_Your assignment_. Return exactly the span of lines in the following data that opens with the line containing "Haus Alpengluehn Hotel" and closes with the line containing "HYUNDAI KONA image 4". Include nothing else.

[Stored data]
___
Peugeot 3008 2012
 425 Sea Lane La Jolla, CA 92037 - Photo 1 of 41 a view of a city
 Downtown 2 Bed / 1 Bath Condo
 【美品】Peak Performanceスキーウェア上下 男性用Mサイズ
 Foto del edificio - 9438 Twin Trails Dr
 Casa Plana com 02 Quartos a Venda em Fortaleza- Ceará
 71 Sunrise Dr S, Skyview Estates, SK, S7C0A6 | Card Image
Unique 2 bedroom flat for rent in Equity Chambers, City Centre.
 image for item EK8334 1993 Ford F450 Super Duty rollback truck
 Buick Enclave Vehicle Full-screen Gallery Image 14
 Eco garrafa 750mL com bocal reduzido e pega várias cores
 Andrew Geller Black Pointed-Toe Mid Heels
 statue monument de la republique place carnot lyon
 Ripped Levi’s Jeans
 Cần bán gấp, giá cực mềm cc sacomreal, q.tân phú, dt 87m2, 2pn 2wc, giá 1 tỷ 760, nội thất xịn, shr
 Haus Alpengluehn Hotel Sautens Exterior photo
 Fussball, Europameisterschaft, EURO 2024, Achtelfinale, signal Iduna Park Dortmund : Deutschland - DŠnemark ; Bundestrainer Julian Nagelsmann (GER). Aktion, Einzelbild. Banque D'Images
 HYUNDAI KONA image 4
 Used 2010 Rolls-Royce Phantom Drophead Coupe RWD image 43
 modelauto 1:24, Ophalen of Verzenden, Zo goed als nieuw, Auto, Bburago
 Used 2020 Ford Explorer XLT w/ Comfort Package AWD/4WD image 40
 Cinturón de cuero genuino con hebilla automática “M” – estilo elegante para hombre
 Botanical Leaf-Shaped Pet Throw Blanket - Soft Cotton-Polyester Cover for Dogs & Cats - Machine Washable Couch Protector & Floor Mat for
___
_Your solution_.
 Haus Alpengluehn Hotel Sautens Exterior photo
 Fussball, Europameisterschaft, EURO 2024, Achtelfinale, signal Iduna Park Dortmund : Deutschland - DŠnemark ; Bundestrainer Julian Nagelsmann (GER). Aktion, Einzelbild. Banque D'Images
 HYUNDAI KONA image 4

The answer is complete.